What you give back should be exactly the lines from the one with "#專櫃近20萬 #99新閒置 香奈兒23p小福袋22bag寶石糖果吊墜❤️‍🔥-18" through the end of the data, without the pictures.

▸ **Data supplied**:
BEGIN

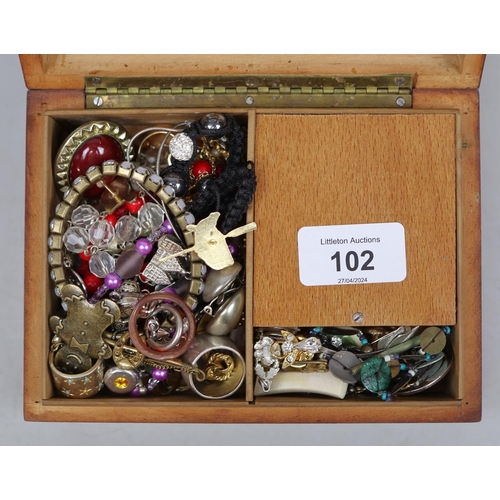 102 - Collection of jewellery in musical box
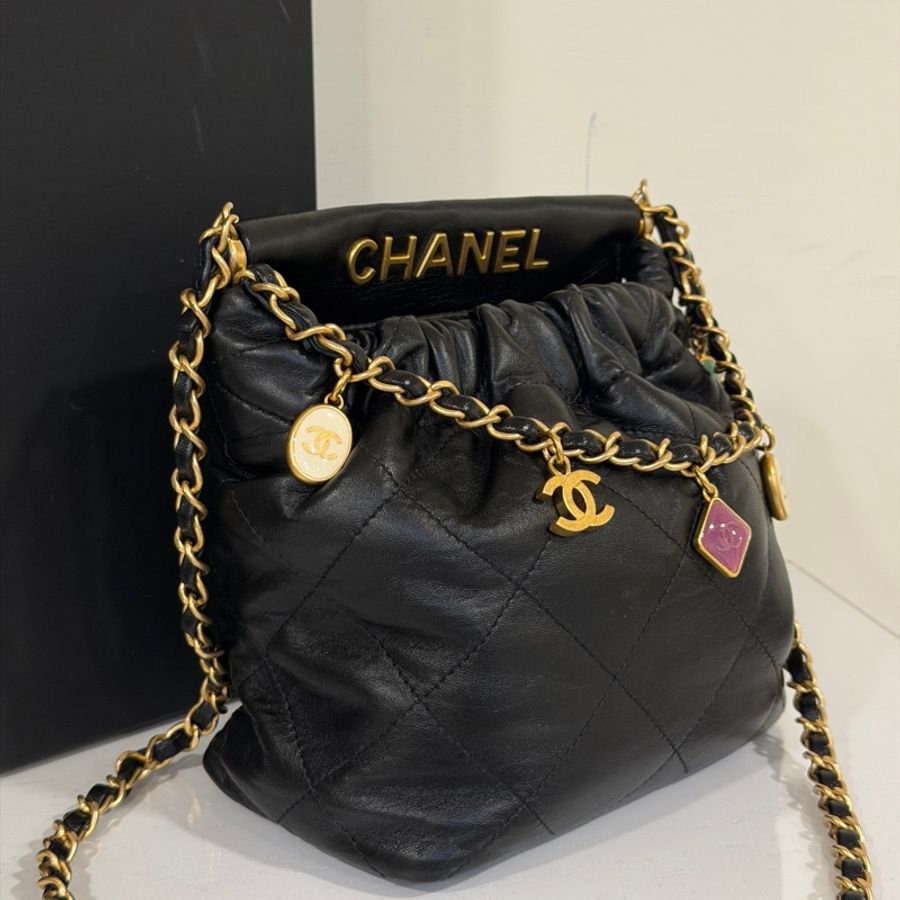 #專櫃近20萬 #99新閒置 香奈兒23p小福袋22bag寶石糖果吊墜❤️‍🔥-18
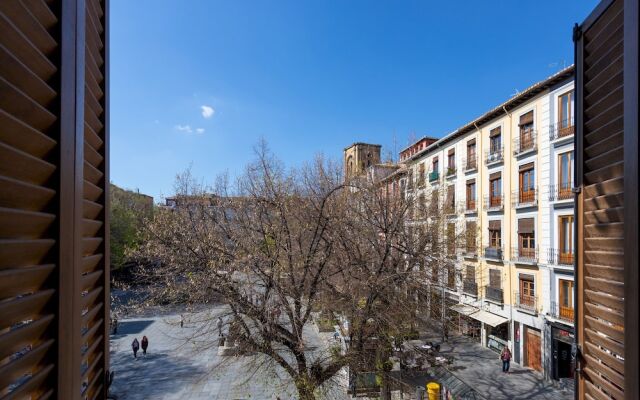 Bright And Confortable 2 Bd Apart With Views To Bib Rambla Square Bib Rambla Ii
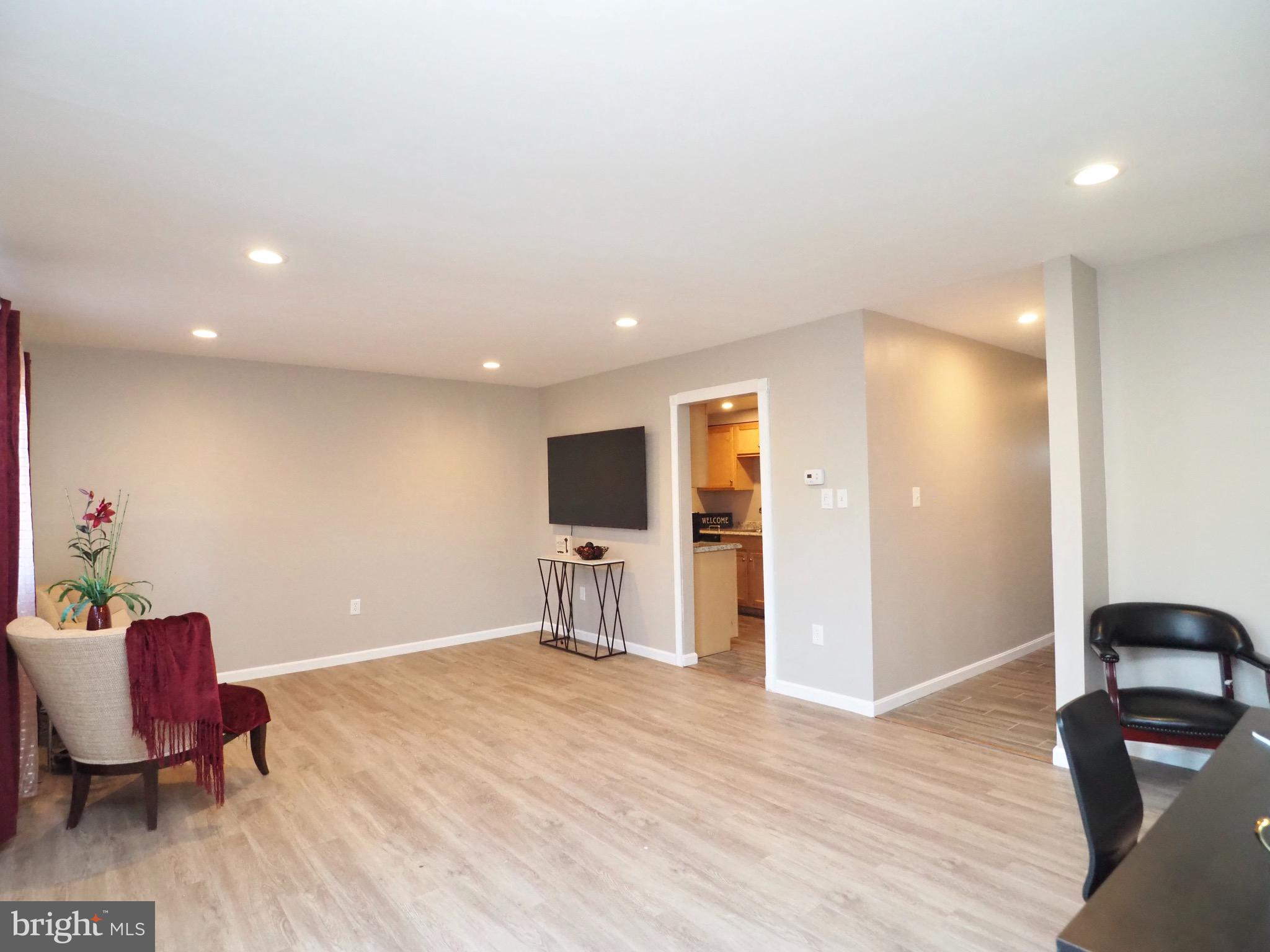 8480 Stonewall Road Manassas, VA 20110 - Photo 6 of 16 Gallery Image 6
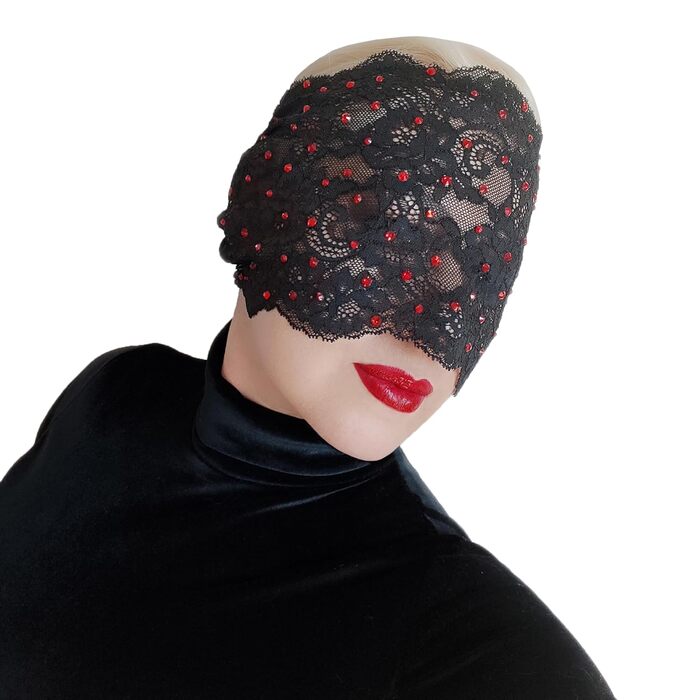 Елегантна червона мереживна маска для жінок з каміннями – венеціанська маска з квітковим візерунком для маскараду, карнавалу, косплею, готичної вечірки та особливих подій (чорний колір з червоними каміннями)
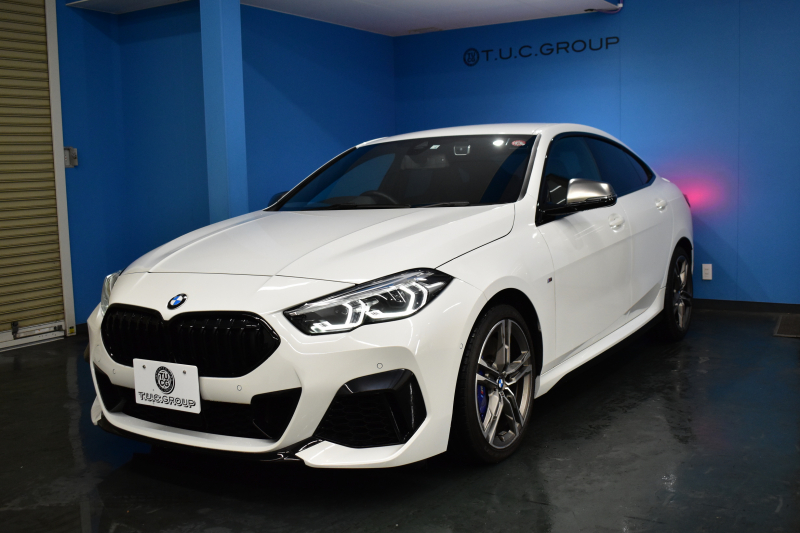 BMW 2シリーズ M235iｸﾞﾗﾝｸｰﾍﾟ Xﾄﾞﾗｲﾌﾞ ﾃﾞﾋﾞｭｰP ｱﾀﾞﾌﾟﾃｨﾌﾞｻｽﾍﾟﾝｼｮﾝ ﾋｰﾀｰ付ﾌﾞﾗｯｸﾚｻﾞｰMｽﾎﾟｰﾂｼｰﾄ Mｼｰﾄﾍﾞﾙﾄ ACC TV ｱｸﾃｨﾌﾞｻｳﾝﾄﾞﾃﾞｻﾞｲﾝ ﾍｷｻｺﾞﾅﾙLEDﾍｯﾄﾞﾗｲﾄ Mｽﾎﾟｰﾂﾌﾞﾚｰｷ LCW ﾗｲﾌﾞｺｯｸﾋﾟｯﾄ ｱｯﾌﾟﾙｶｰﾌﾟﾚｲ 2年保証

END

▸ **Output for this task**:
 #專櫃近20萬 #99新閒置 香奈兒23p小福袋22bag寶石糖果吊墜❤️‍🔥-18
 Bright And Confortable 2 Bd Apart With Views To Bib Rambla Square Bib Rambla Ii
 8480 Stonewall Road Manassas, VA 20110 - Photo 6 of 16 Gallery Image 6
 Елегантна червона мереживна маска для жінок з каміннями – венеціанська маска з квітковим візерунком для маскараду, карнавалу, косплею, готичної вечірки та особливих подій (чорний колір з червоними каміннями)
 BMW 2シリーズ M235iｸﾞﾗﾝｸｰﾍﾟ Xﾄﾞﾗｲﾌﾞ ﾃﾞﾋﾞｭｰP ｱﾀﾞﾌﾟﾃｨﾌﾞｻｽﾍﾟﾝｼｮﾝ ﾋｰﾀｰ付ﾌﾞﾗｯｸﾚｻﾞｰMｽﾎﾟｰﾂｼｰﾄ Mｼｰﾄﾍﾞﾙﾄ ACC TV ｱｸﾃｨﾌﾞｻｳﾝﾄﾞﾃﾞｻﾞｲﾝ ﾍｷｻｺﾞﾅﾙLEDﾍｯﾄﾞﾗｲﾄ Mｽﾎﾟｰﾂﾌﾞﾚｰｷ LCW ﾗｲﾌﾞｺｯｸﾋﾟｯﾄ ｱｯﾌﾟﾙｶｰﾌﾟﾚｲ 2年保証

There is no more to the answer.